*Work to complete:* Take the listing from its first line through the line that contains "To conclude, we" and please retype those lines exactly, leaving out the pictures.

*Available data:*

+-------+

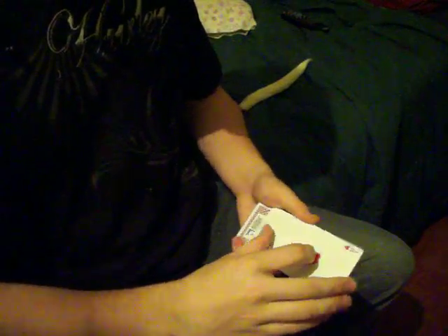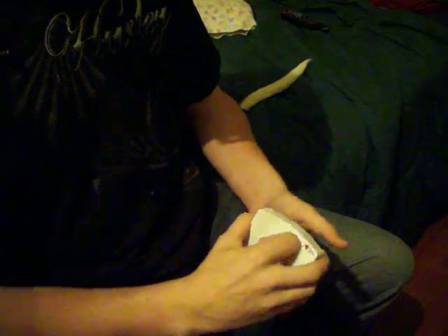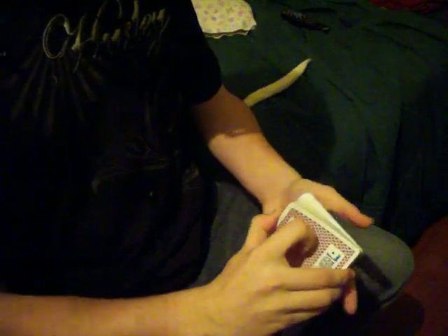Now I'm going to use the two Red Aces to help me find your card. They're going to vanish one at a time. With a simple wave of my hand — what's the next one? You're going to shake it. And all aces vanish.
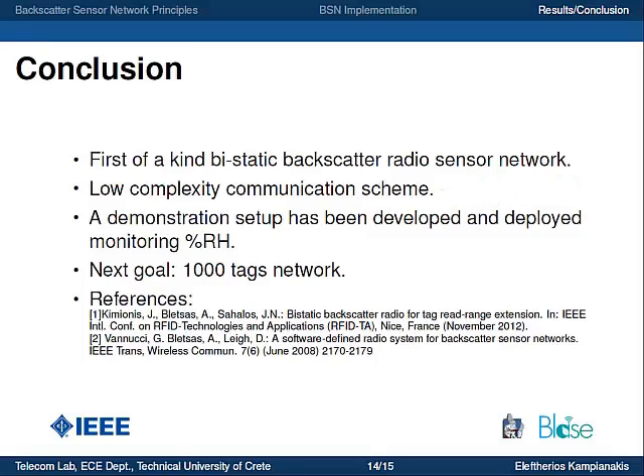To conclude, we have seen a demonstration of a first-of-a-kind bi-static backscatter radio sensor network utilizing a low-complexity network scheme. Lowering system complexity is important because it is one of the main constraints on scalability in classic wireless sensor network approaches. We have demonstrated a setup deployed indoors and outdoors that monitors relative humidity with relatively good accuracy, and our next goal is a proof-of-concept of an ultra-large-scale network of more than a thousand tags.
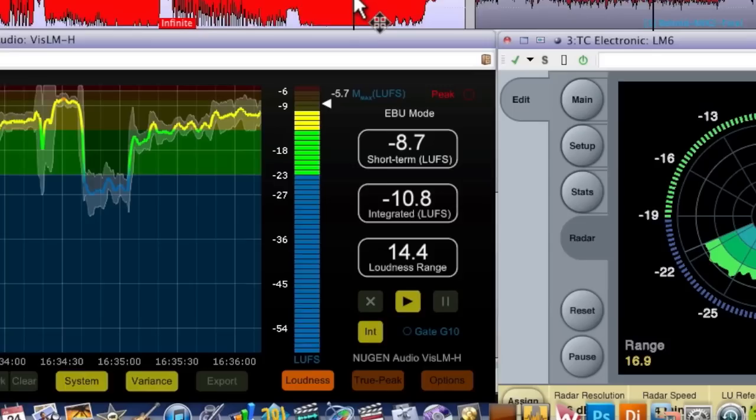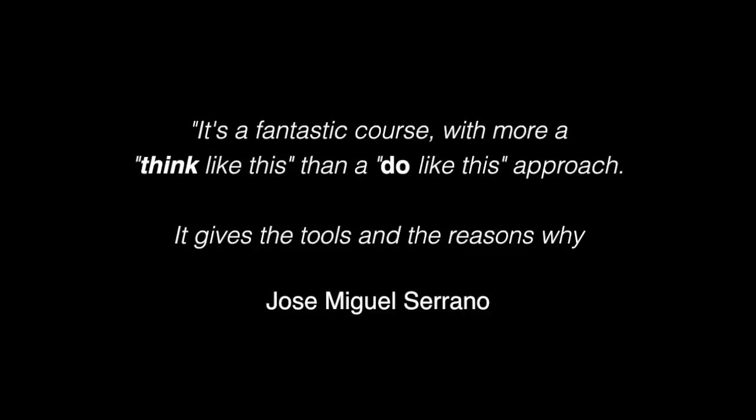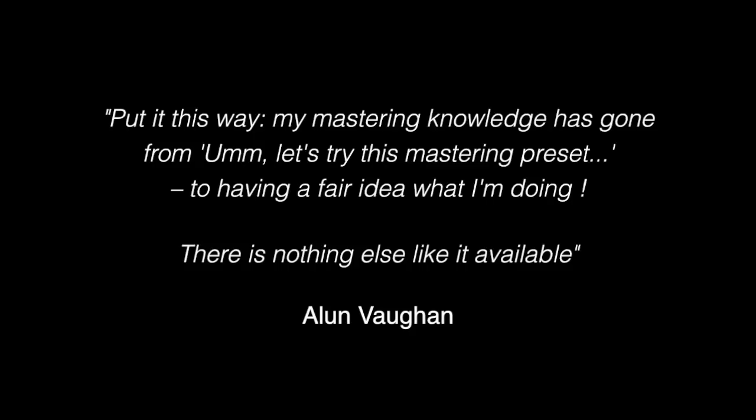I'm not going to use a studio like this — I'm going to be working on my home setup. It's just a Mac Pro with a bunch of plugins. I'm going to be using a range of different software packages, because the truth is, it ain't what you use, it's the way that you use it. You can use any good digital audio workstation to get great results mastering your own music, and you can use any decent set of plugins to get great results too.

+-------+

*Response area:*
Now I'm going to use the two Red Aces to help me find your card. They're going to vanish one at a time. With a simple wave of my hand — what's the next one? You're going to shake it. And all aces vanish.
To conclude, we have seen a demonstration of a first-of-a-kind bi-static backscatter radio sensor network utilizing a low-complexity network scheme. Lowering system complexity is important because it is one of the main constraints on scalability in classic wireless sensor network approaches. We have demonstrated a setup deployed indoors and outdoors that monitors relative humidity with relatively good accuracy, and our next goal is a proof-of-concept of an ultra-large-scale network of more than a thousand tags.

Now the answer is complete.